__THE INPUT__
━━━━━━━━━━

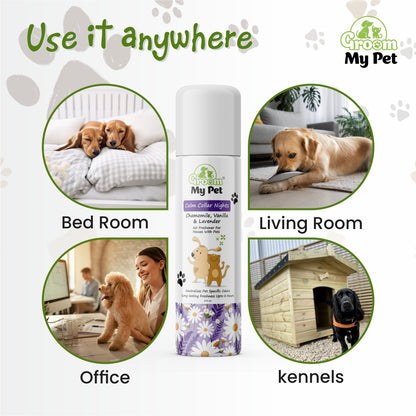 Groom My Pet Calm Collar Nights Air Freshener (Chamomile, Vanilla & Lavender) - 275 ml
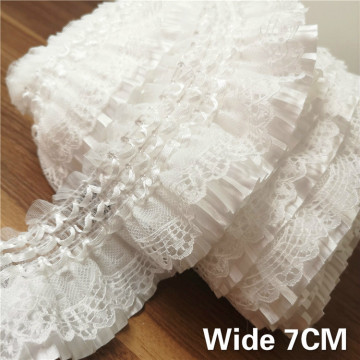 7CM Wide Exquisite White Lace Embroidery Ribbon Elastic Ruffle Trim Collar Sewing Clothing Skirt Headwear Applique Guipure Decor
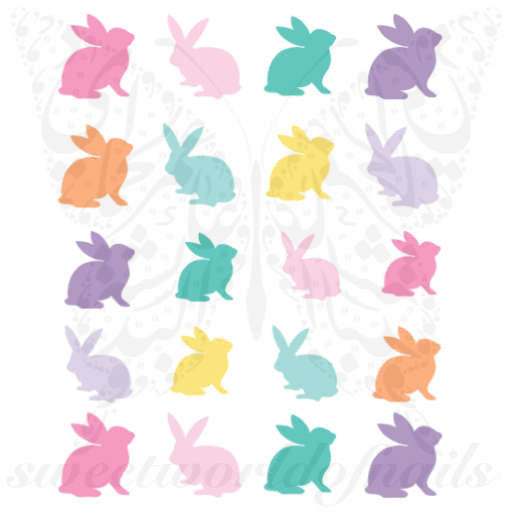 Easter Nail Art Colorful Bunny Nail Water Decals Wraps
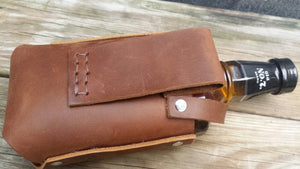 Leather Whiskey Bourbon Holster Holder with Free Personalization Perfect Christmas Gift Father's Day, Tailgating, Handmade in the USA55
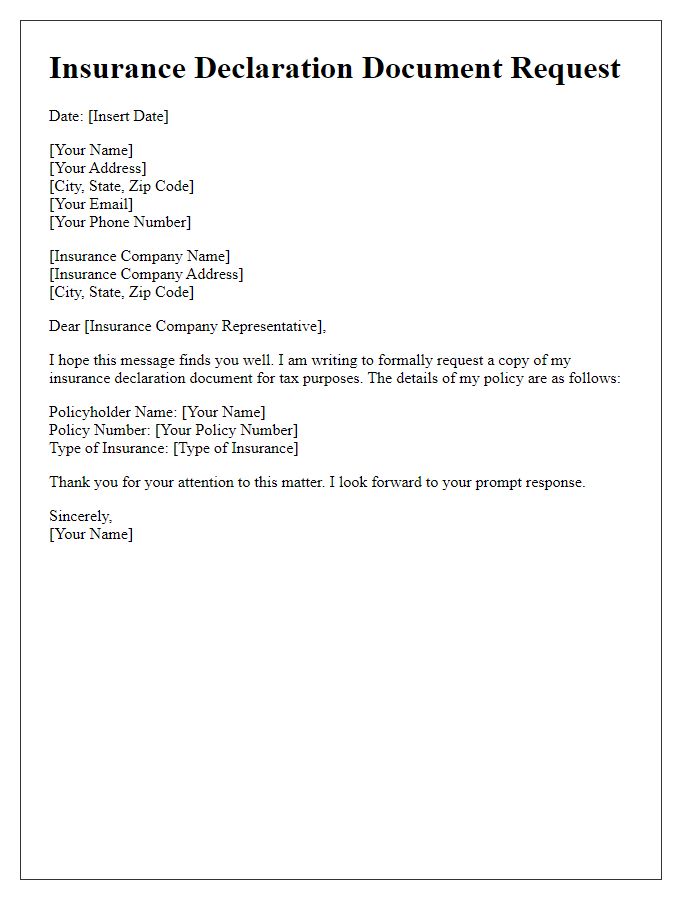 Letter template of insurance declaration document request for tax purposes.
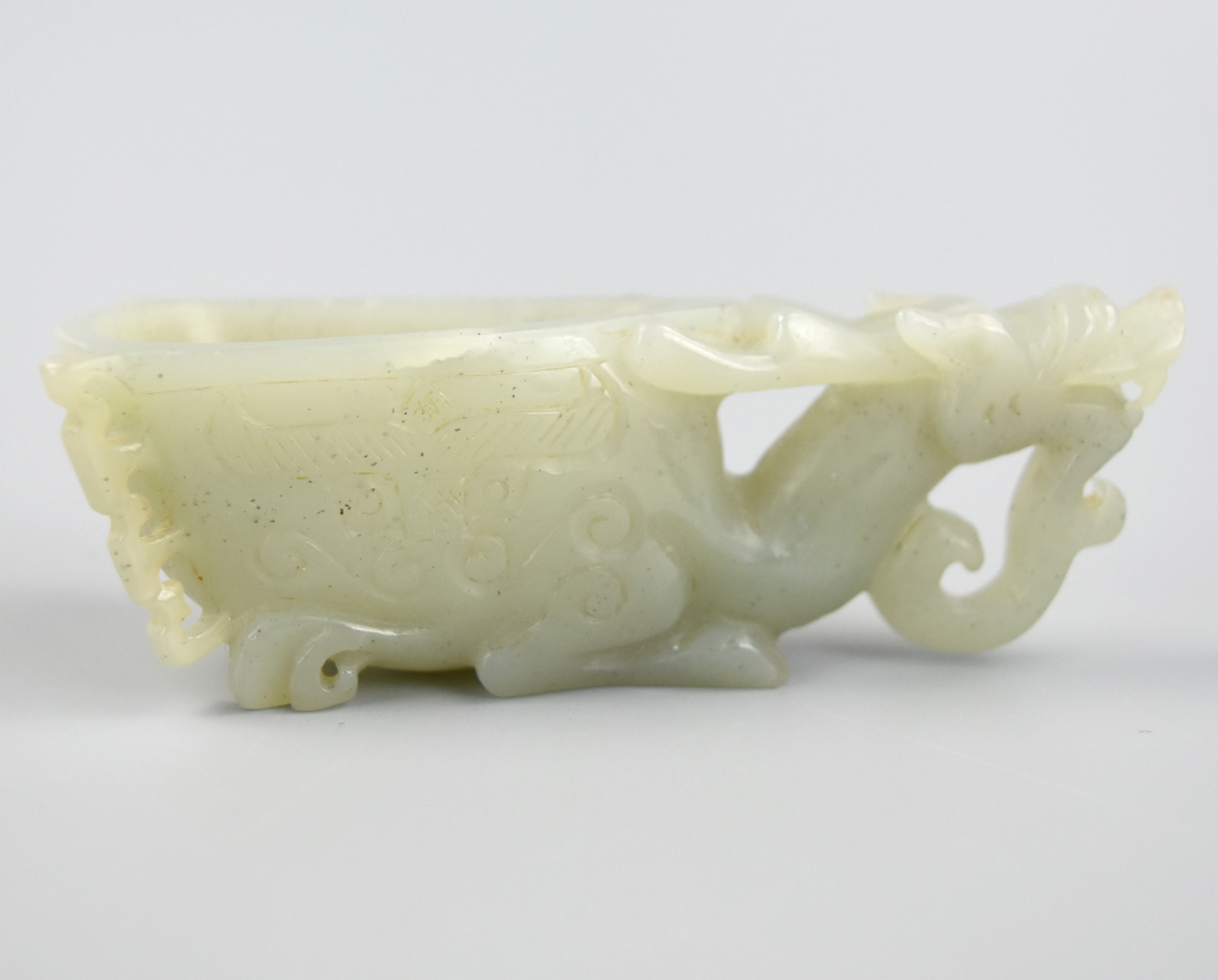 Appraisal: CHINESE JADE DRAGON CUP Chinese th C Dragon Cup in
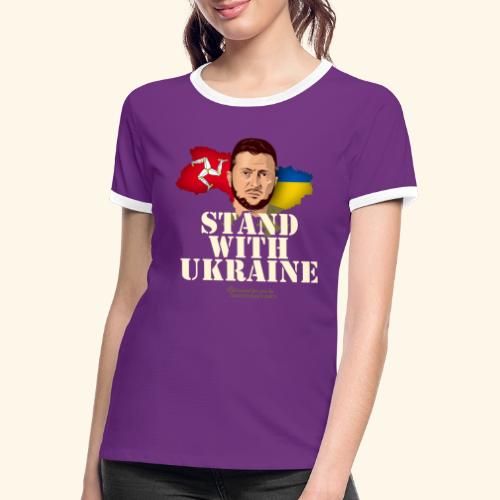Ukraine Isle of Man - Frauen Kontrast-T-Shirt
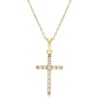 Thumbnail Image 1 of 9ct Yellow Gold 16+2" Cubic Zirconia Cross Shaped Pendant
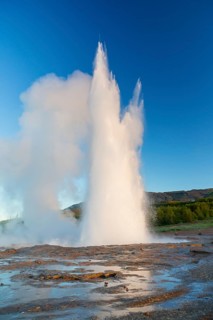 Iceland, landscape, geyser, Strokkur, eruption, blue sky, water fountain, geyser, Suðurland,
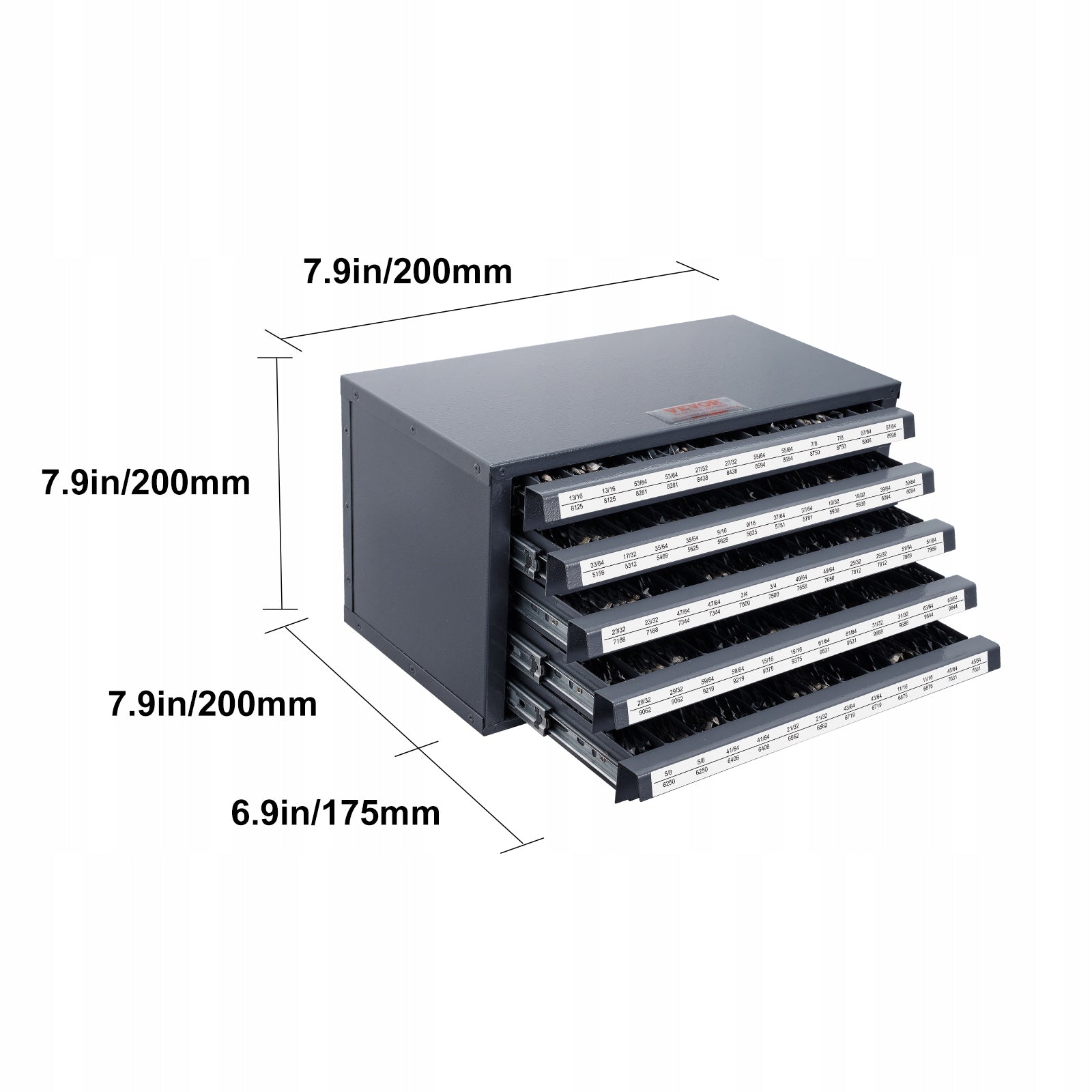 5-Drawer Drill Bit Dispenser Cabinet 33/64-63/64" Steel Stackable Labels Brand Vevor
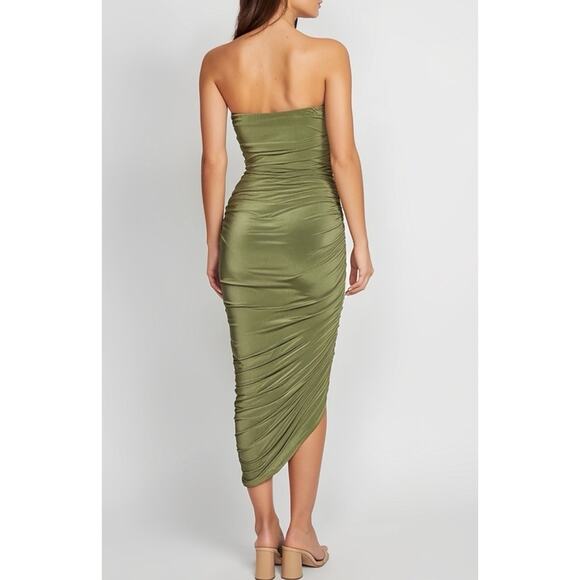 Norma Kamali Strapless Diana Ruched Dress Stretch Midi Olive Green Size XL - Picture 3 of 13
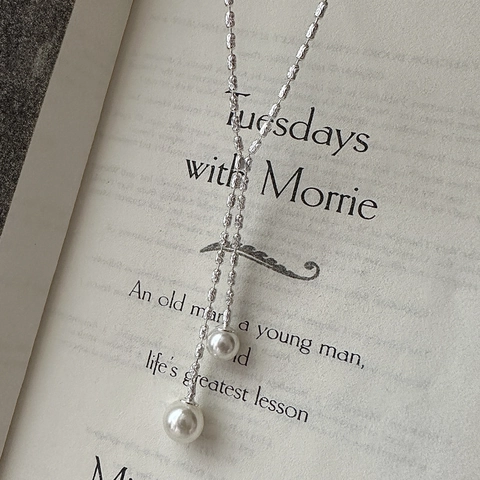 S925 Sterling Silver Y-Shaped Tassel Necklace For Women Korean Minimalist Artificial Pearl Pendant Clavicle Chain Jewelry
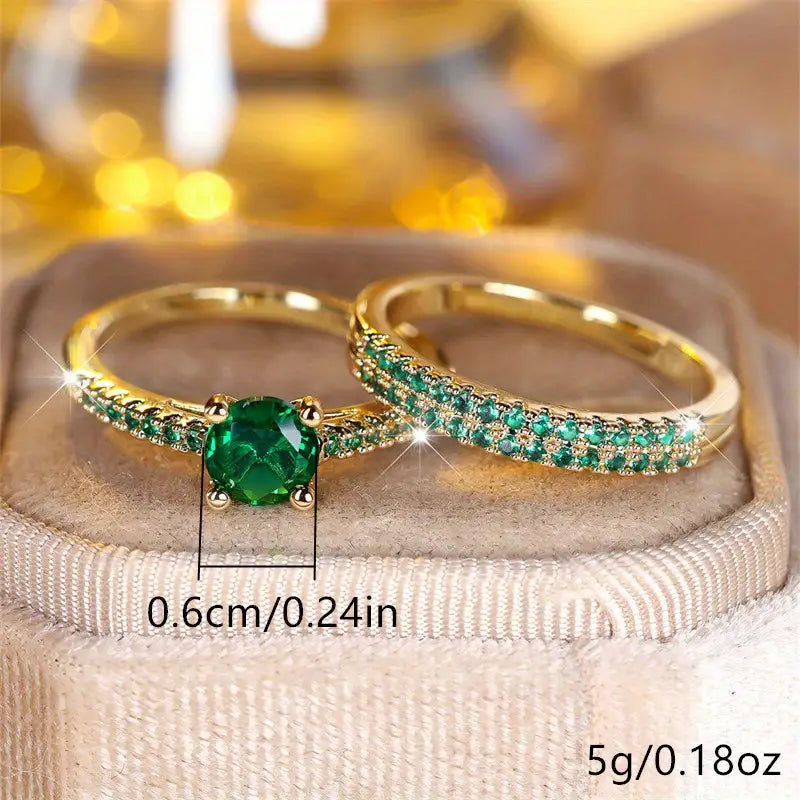 Serena Smaragd-Duo-Ring Gold Set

━━━━━━━━━━

__ABOUT THIS EXERCISE__
Set down the records above word for word, from the first line through the line containing "7CM Wide Exquisite", both included; leave out the pictures.

__TASK SOLUTION__
 Groom My Pet Calm Collar Nights Air Freshener (Chamomile, Vanilla & Lavender) - 275 ml
 7CM Wide Exquisite White Lace Embroidery Ribbon Elastic Ruffle Trim Collar Sewing Clothing Skirt Headwear Applique Guipure Decor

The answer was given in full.